(Input data)
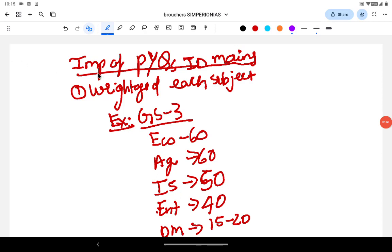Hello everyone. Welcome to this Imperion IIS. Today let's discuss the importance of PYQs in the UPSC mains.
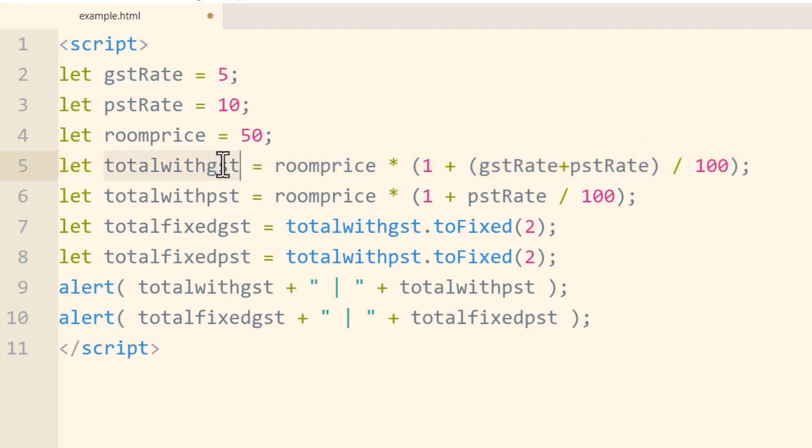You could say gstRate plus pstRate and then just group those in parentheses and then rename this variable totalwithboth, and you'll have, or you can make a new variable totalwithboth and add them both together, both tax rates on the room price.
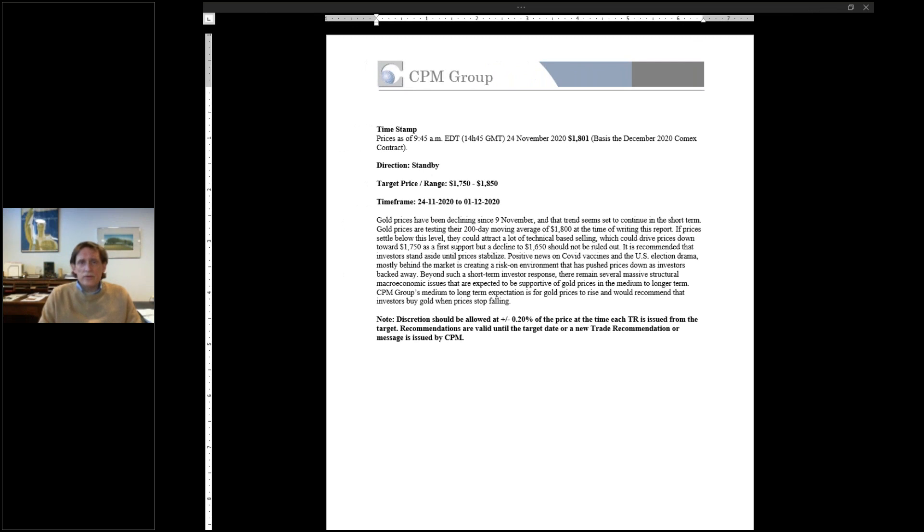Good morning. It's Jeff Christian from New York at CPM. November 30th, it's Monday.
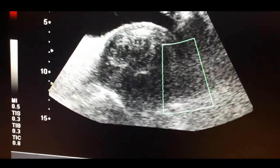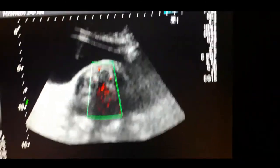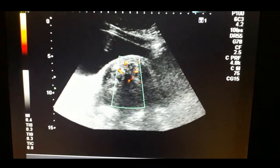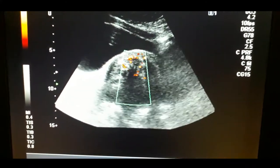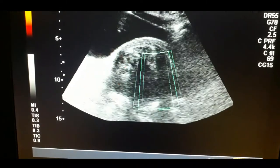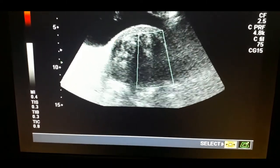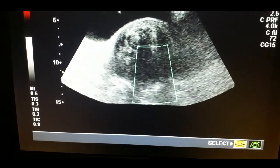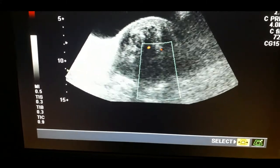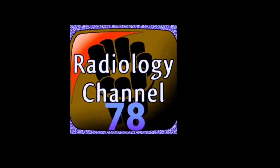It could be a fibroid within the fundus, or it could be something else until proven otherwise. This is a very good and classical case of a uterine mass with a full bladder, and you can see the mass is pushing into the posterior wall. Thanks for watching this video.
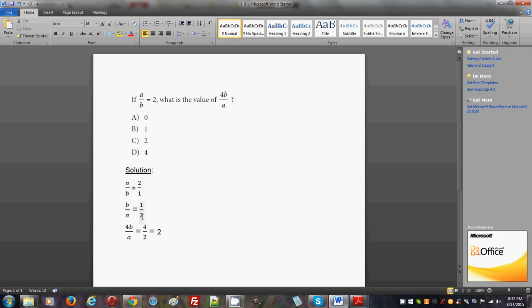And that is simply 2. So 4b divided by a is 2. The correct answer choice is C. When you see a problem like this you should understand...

(Problem details) Once the line containing "It could be a" has been located, transcribe exactly and only every line from the first line of the entries through it, excluding pictures.

(Task result)
Hello everyone. Welcome to this Imperion IIS. Today let's discuss the importance of PYQs in the UPSC mains.
You could say gstRate plus pstRate and then just group those in parentheses and then rename this variable totalwithboth, and you'll have, or you can make a new variable totalwithboth and add them both together, both tax rates on the room price.
Good morning. It's Jeff Christian from New York at CPM. November 30th, it's Monday.
It could be a fibroid within the fundus, or it could be something else until proven otherwise. This is a very good and classical case of a uterine mass with a full bladder, and you can see the mass is pushing into the posterior wall. Thanks for watching this video.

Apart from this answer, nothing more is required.